Et tu, Brute? We have now reached a point where it seems impossible to present a plausible rationale for continuing with the government’s economic strategy (for want of a worse word). Osborne, a nasty piece of work even at the best of times, is now being assailed by all those global or national financial authorities who’ve previously supported him. Even the IMF has officially told him: “Recovery has stalled. Post-crisis repair and rebalancing of the UK economy is likely to be more prolonged than initially envisaged. Confidence is weak and uncertainty is high”.

The latest GDP figures will show the UK economy flatlining now for 2 years and still in recession for the 3 months to June. Manufacturing and construction have contracted and services have failed to grow. Bank lending to industry is now at the worst trend since 2009, with a £3bn fall hitting SMEs hardest. Britain is now the only country in the G20, apart from Italy, which is in double-dip recession. Apart from that, everything’s fine.

Not for some. Not for those at the wrong end of the austerity stick. Cameron announced last week that austerity is now expected to last till 2020. Considering we were originally told the agony would all be over and a new pristine dynamic economy in place by 2015, then it was put back by Osborne to 2017 at the earliest, I wouldn’t bet on 2020 – nor I suspect do most members of the government.

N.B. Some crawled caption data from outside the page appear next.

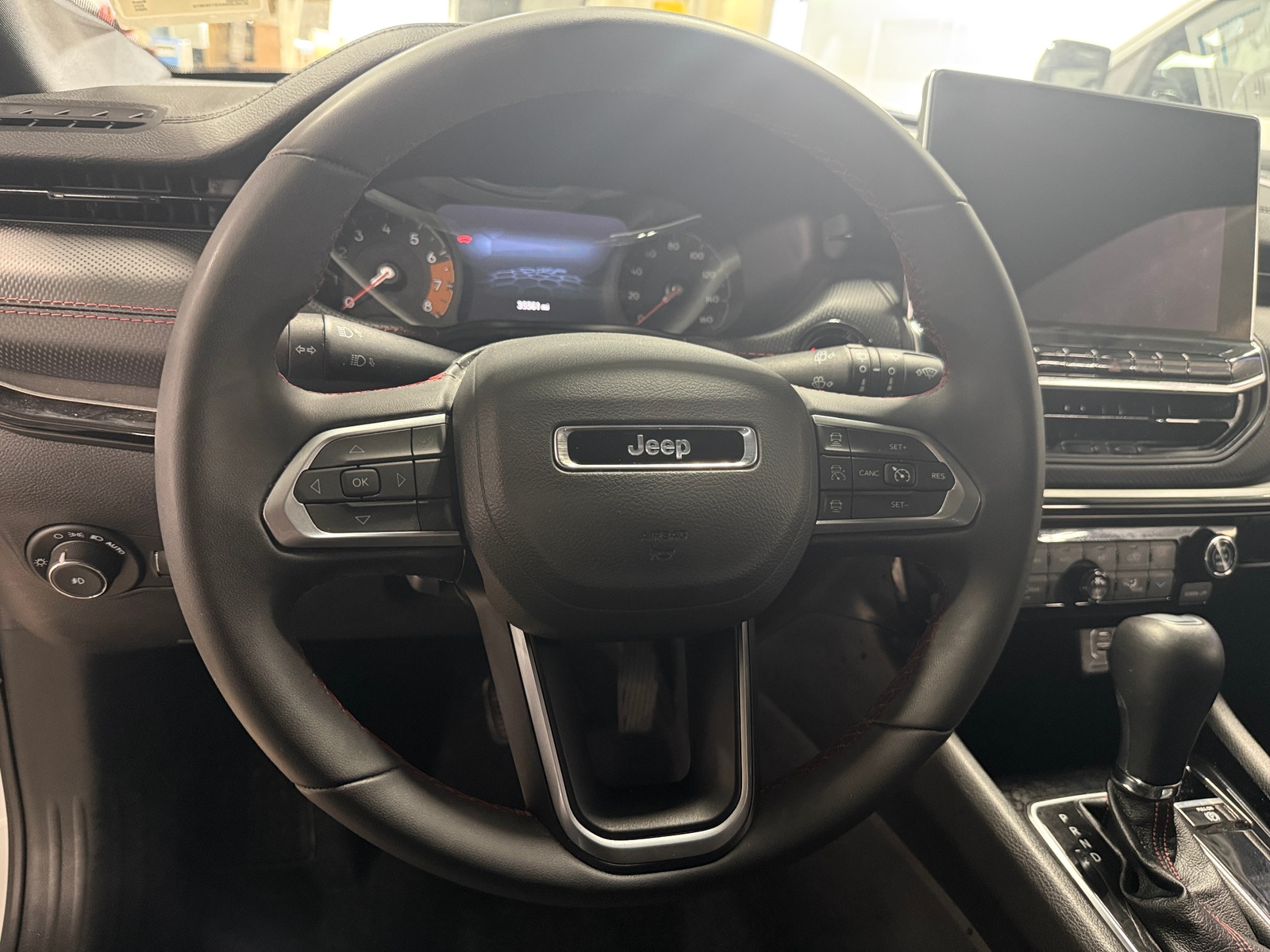 Thumbnail: 2025 Jeep Compass - 5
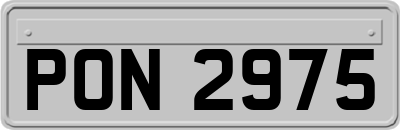 PON2975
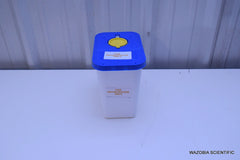 COVIDIEN SHARP SAFETY PHARMACEUTICAL WASTE CONTAINER 2 GALLON LOT OF 20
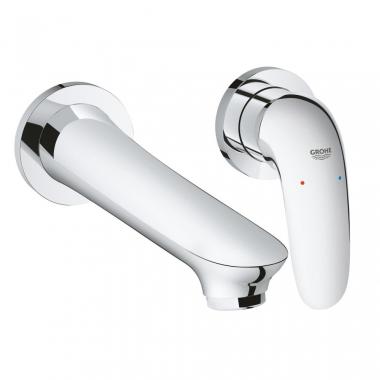 Однорычажный смеситель для раковины Grohe Eurostyle Solid 29097003	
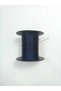 0.5 mm 100 Meters Polyester Cord Navy Blue Color Polyester Prayer Bead Cord - 2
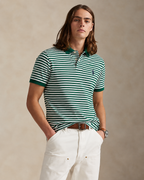 CAMISA TIPO POLO RALPH LAUREN PARA CABALLERO VERDE REF 710956682505
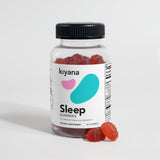 Sleep Aid Gummies  | Kiyana™ | Organically Sourced Supplements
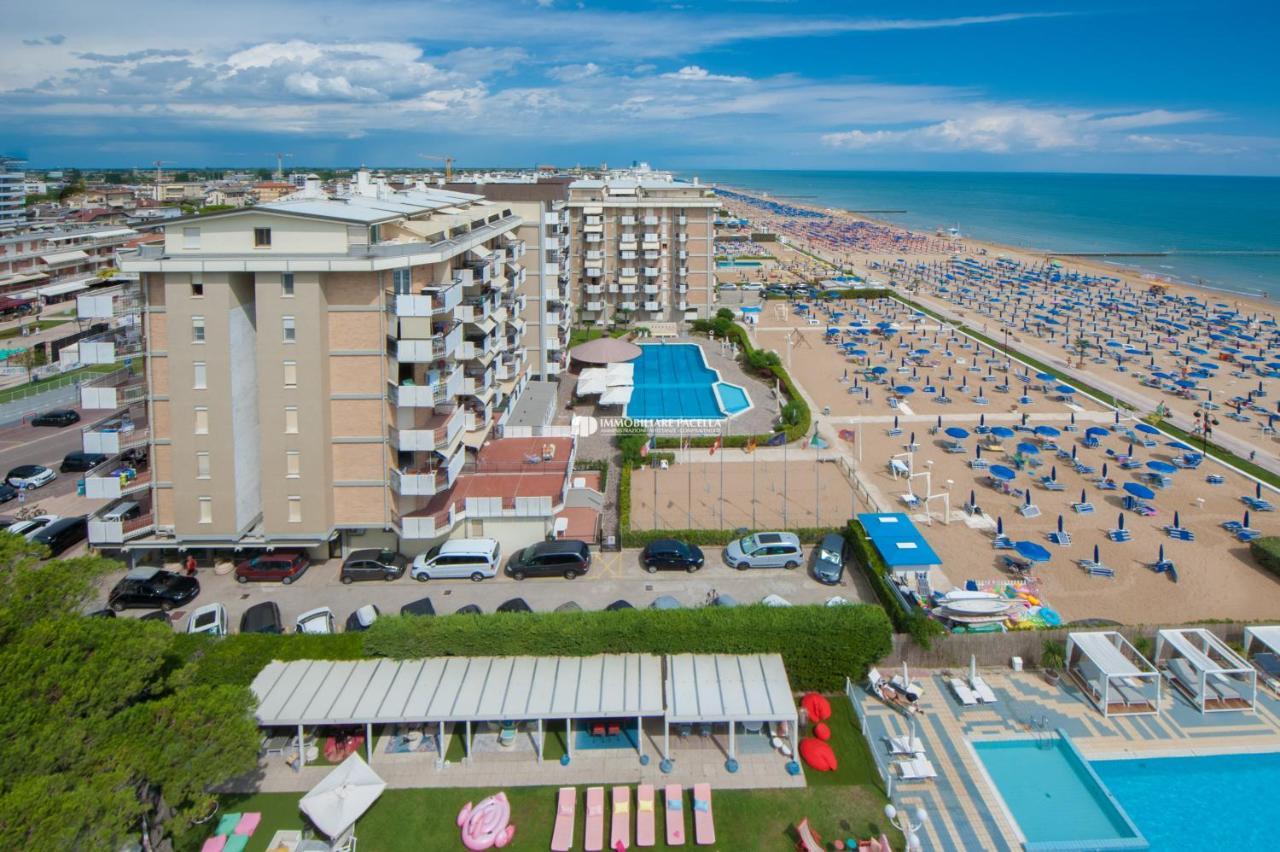 Residence Playa Grande Immobiliare Pacella Lido di Jesolo Eksteriør billede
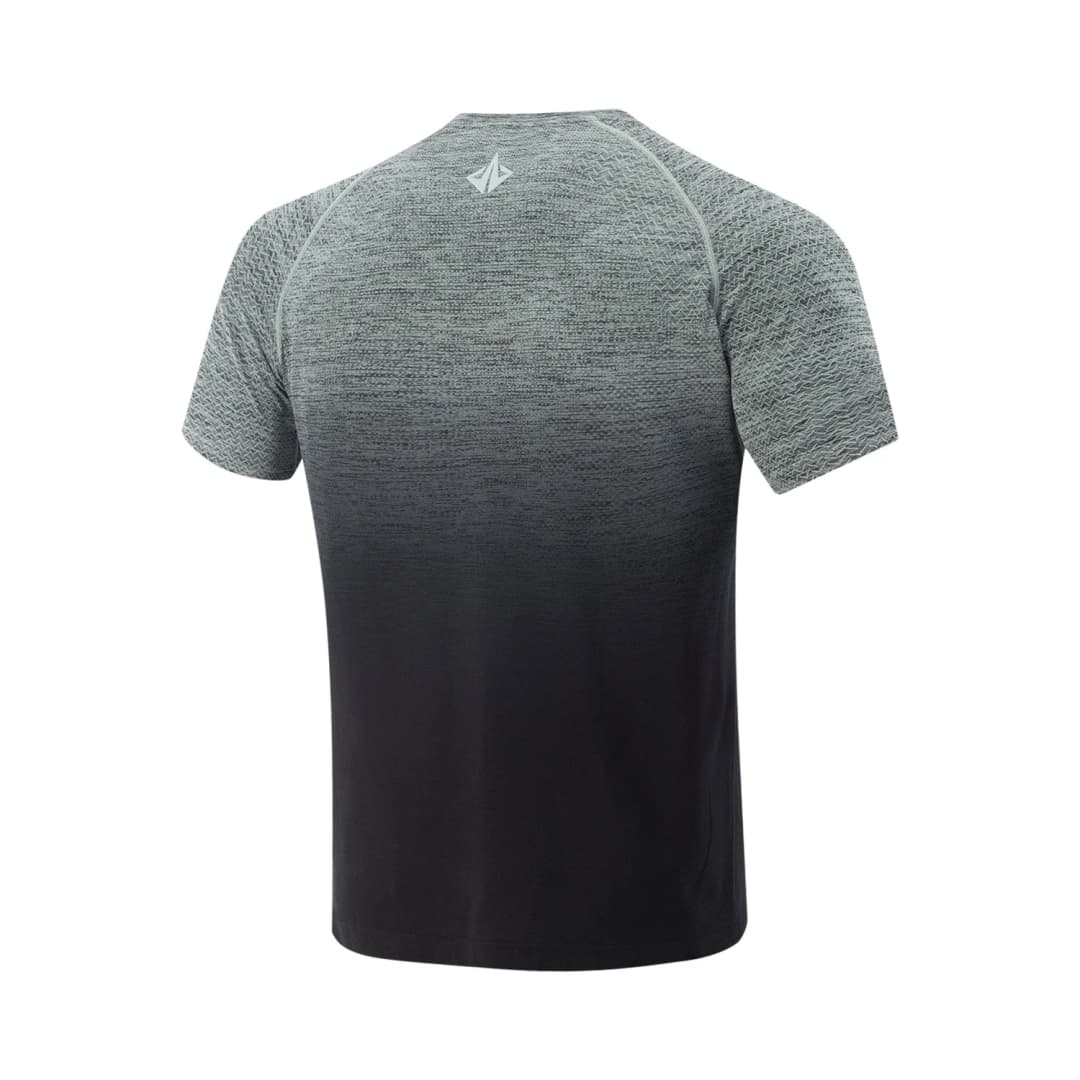 Li-Ning Men's JIMMY BUTLER Professional Basketball T-Shirt 66%Polyamide 34%Polyester Slim Fit LiNing Crew Neck Tee Tops ATSV049 - 5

Not all right either for struggling businesses, as the howl of pain erupting from the president of the British Chambers of Commerce showed all too clearly last week. Not for anybody really. If Spain and Italy go belly up, thanks to Merkel, not only will UK trade, already at unsustainably high deficit levels (£99bn deficit in traed goods in 2010), drop by a further estimated disastrous 7%, but the UK banks too stand to lose around £95bn.

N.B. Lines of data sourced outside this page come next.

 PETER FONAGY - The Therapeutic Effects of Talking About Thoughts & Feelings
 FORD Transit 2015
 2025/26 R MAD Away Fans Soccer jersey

So why is this madness still continuing? When the IMF, not normally a trendy lefty organisation, says the UK government must kickstart the economy with a boost to spending and increased investment in order to avoid a long depression and a “permanent loss of productive capacity”, even this bunch of far-right Tory ideologues should take notice and discover they have a reverse gear.

So why not? Saving Osborne’s face? Never under-estimate politicians’ vanity, but no Cabinet will hang on to a loser. But caught between the markets still demanding death-defying cuts and the IMF now on the side of growth, Osborne can still Houdini-like find a way through. With no increase in public borrowing, launch a big jobs and growth programme, funded by taxing the near-half trillion pounds amassed by the top 1% in the last 3 years. Now I didn’t say that, did I?

2 Comments

  1. Laban says:

    Just imagine what things would be like if he’d joined the Euro pact as everyone was urging him to do six months back – you know, the one with a max deficit of 3.5% ? We’d have unemployment like Spain or Greece.

    What’s worrying me is that the cuts have barely begun – aren’t we only 20% or so into them?

    Still, in the big essentials – bailing out the banks with our future taxes, printing money to drive up inflation, encouraging mass immigration to drive down wages (and drive up top salaries as workers power declines) – in all the big things the Coalition is following the lead of the previous Labour administration.

    Didn’t someone say that the bitterest disputes are when there’s very little at stake?

  2. Cyril Smith says:

    Albert Einstein defined as insane anyone who does the same thing over and over again and expects a different outcome each time. Does this mean that both George Osborne and the Governor of the Bank of England are ready for the funny farm?